EXERCISE DATA:
_ _ _ _
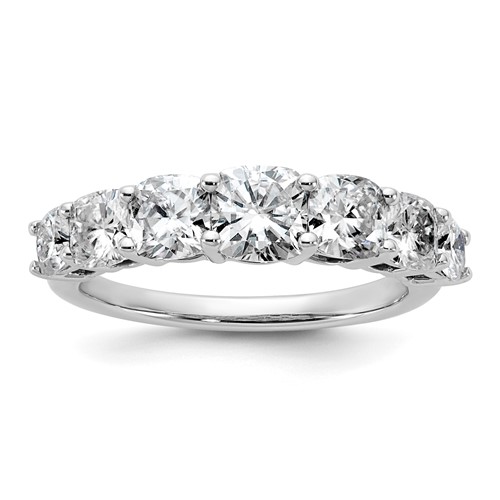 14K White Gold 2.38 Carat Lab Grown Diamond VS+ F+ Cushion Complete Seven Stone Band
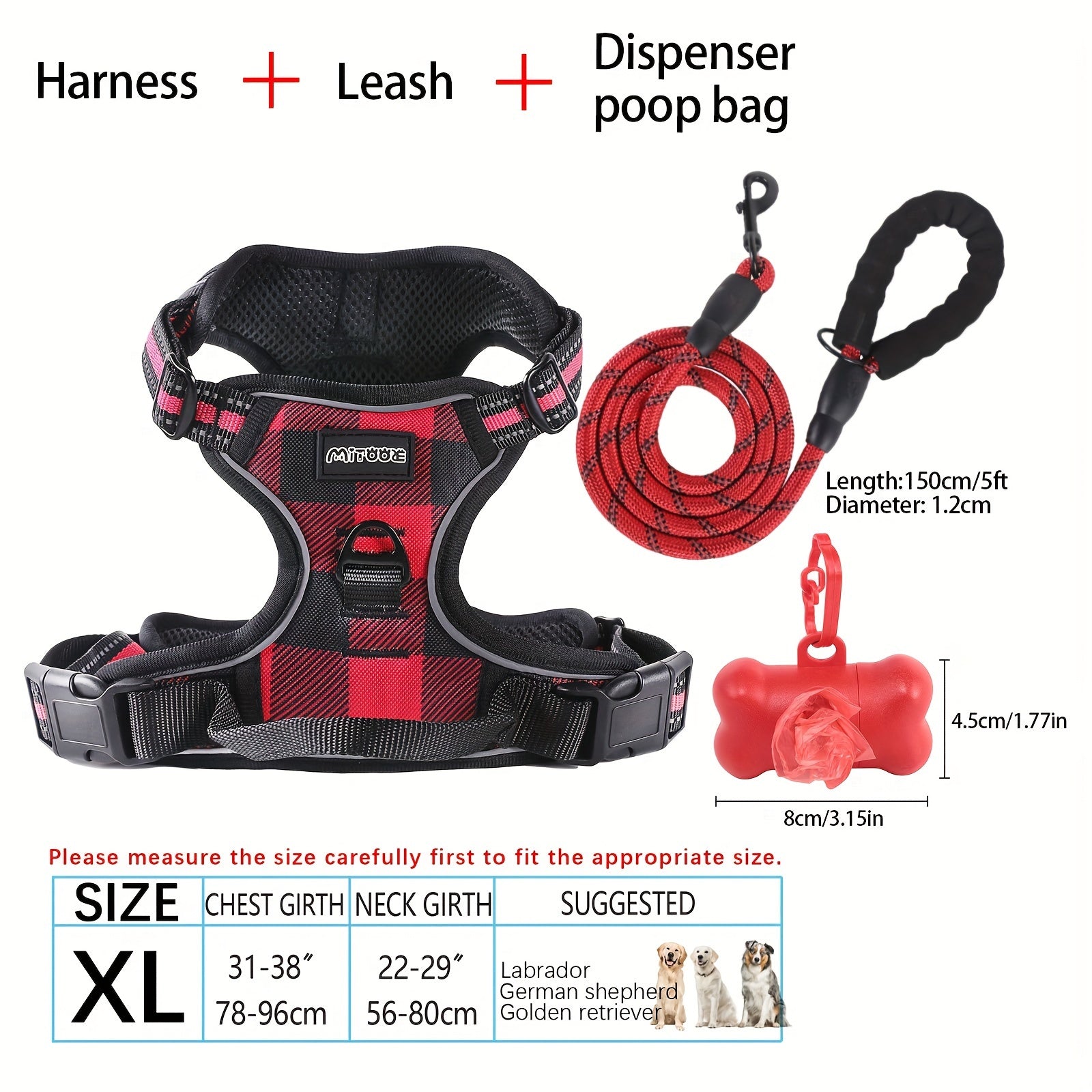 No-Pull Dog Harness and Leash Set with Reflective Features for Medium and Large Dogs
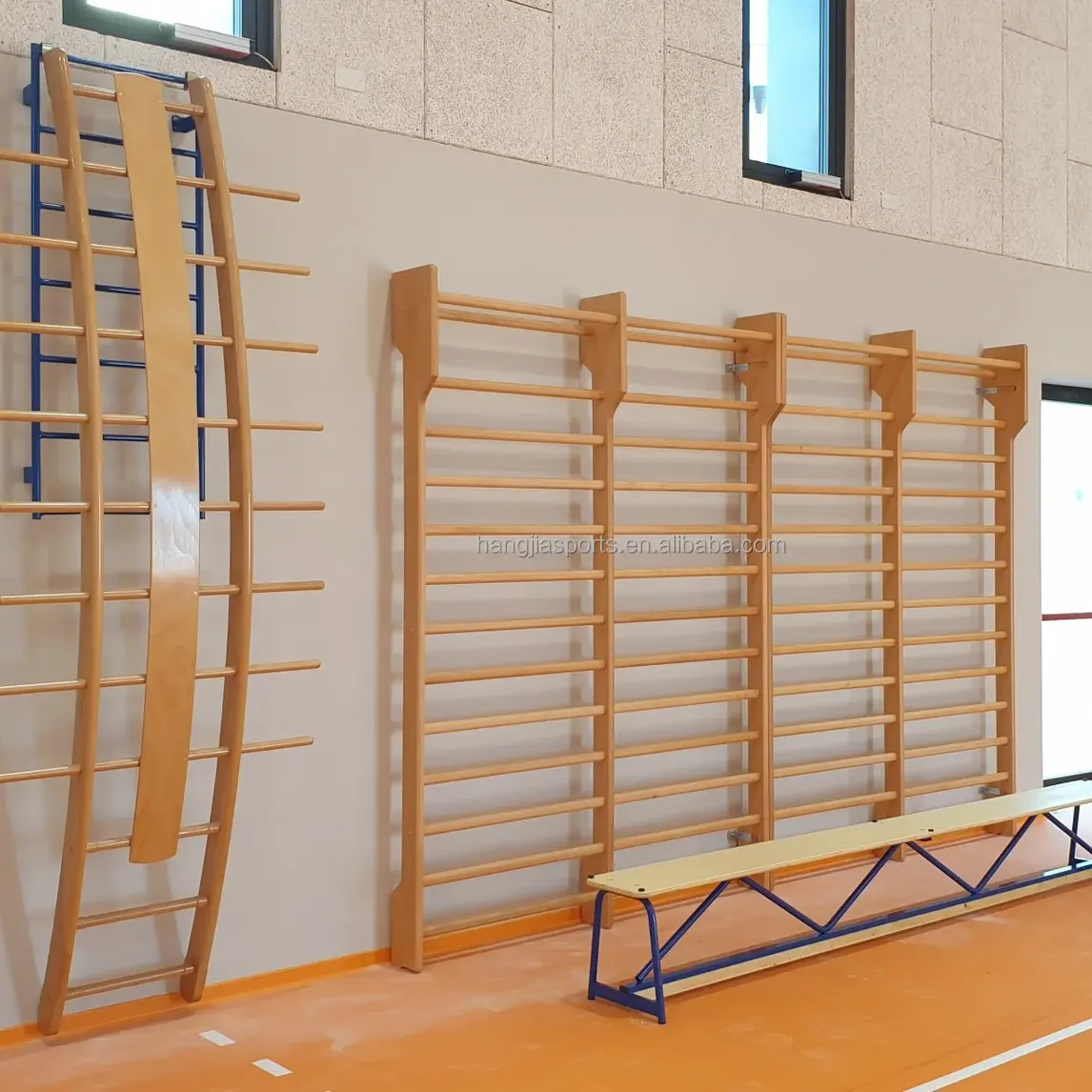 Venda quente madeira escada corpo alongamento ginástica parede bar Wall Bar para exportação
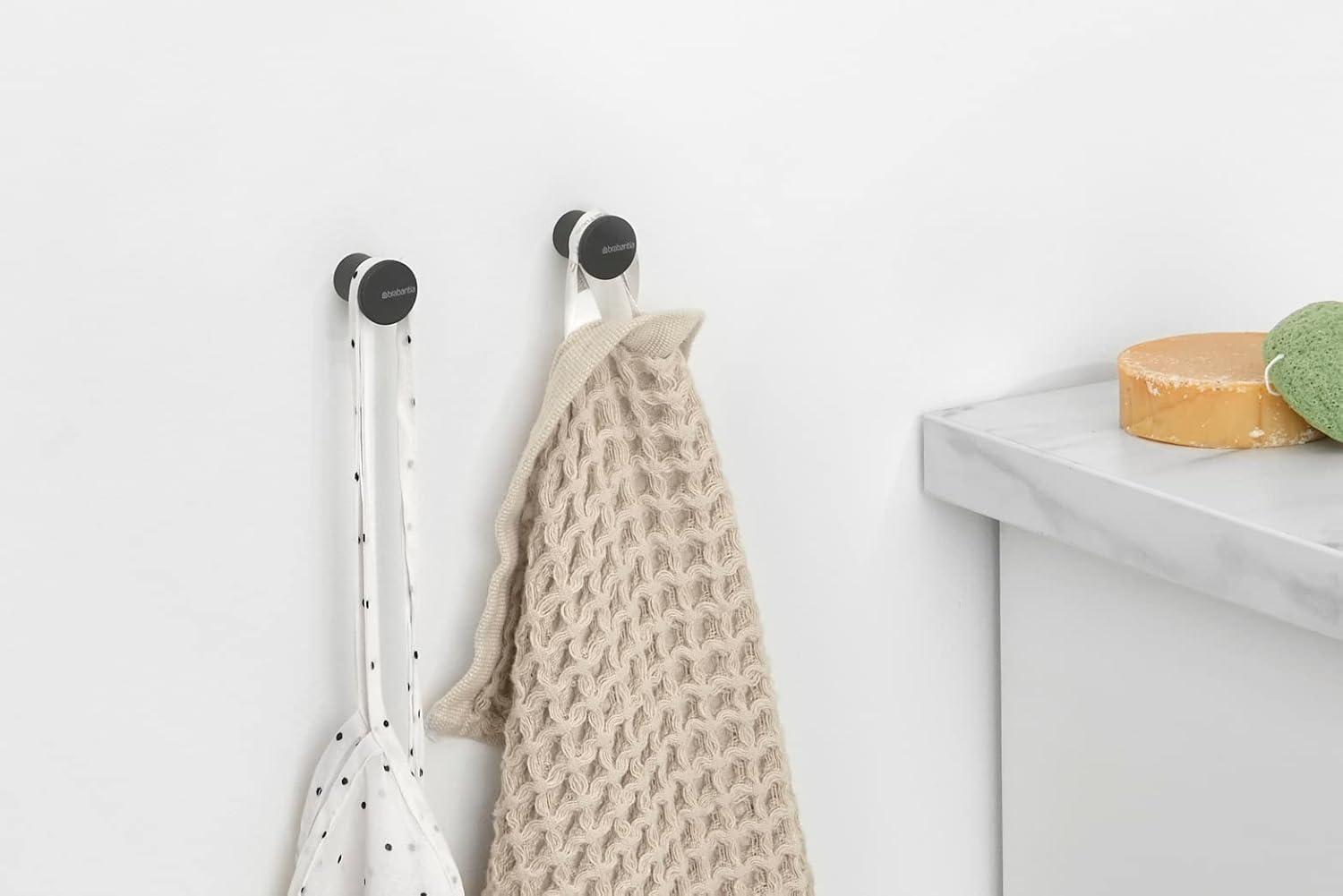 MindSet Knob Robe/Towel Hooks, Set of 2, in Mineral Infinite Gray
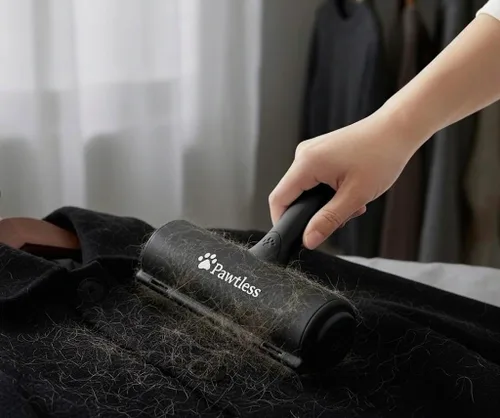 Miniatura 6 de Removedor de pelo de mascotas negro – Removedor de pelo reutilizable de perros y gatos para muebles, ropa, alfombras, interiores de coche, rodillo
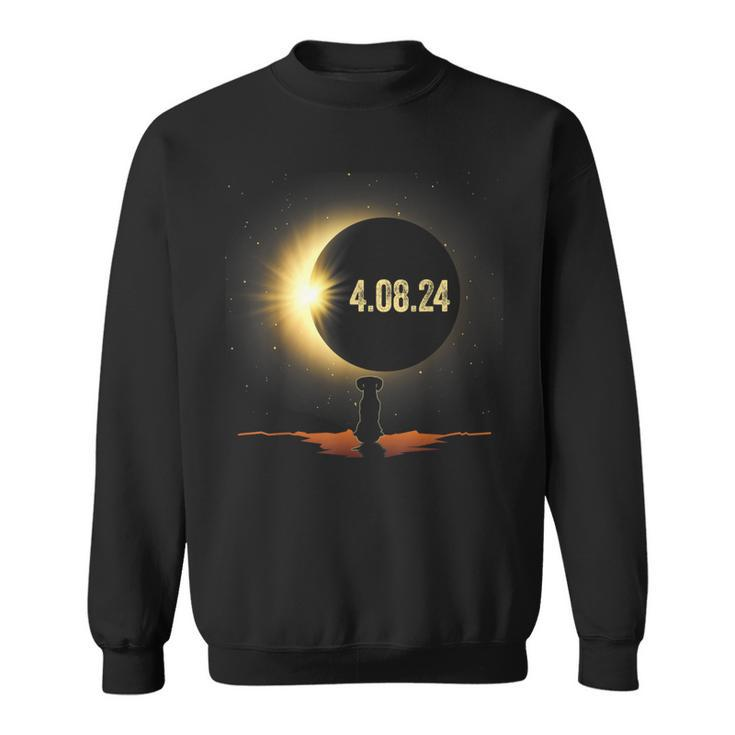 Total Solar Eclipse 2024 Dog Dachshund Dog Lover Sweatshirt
_ _ _ _
AIM OF THE TASK:
Please give back all the records above word for word, with no pictures included.

RESPONSE FOR THIS EXERCISE:
 14K White Gold 2.38 Carat Lab Grown Diamond VS+ F+ Cushion Complete Seven Stone Band
 No-Pull Dog Harness and Leash Set with Reflective Features for Medium and Large Dogs
 Venda quente madeira escada corpo alongamento ginástica parede bar Wall Bar para exportação
 MindSet Knob Robe/Towel Hooks, Set of 2, in Mineral Infinite Gray
 Miniatura 6 de Removedor de pelo de mascotas negro – Removedor de pelo reutilizable de perros y gatos para muebles, ropa, alfombras, interiores de coche, rodillo
 Total Solar Eclipse 2024 Dog Dachshund Dog Lover Sweatshirt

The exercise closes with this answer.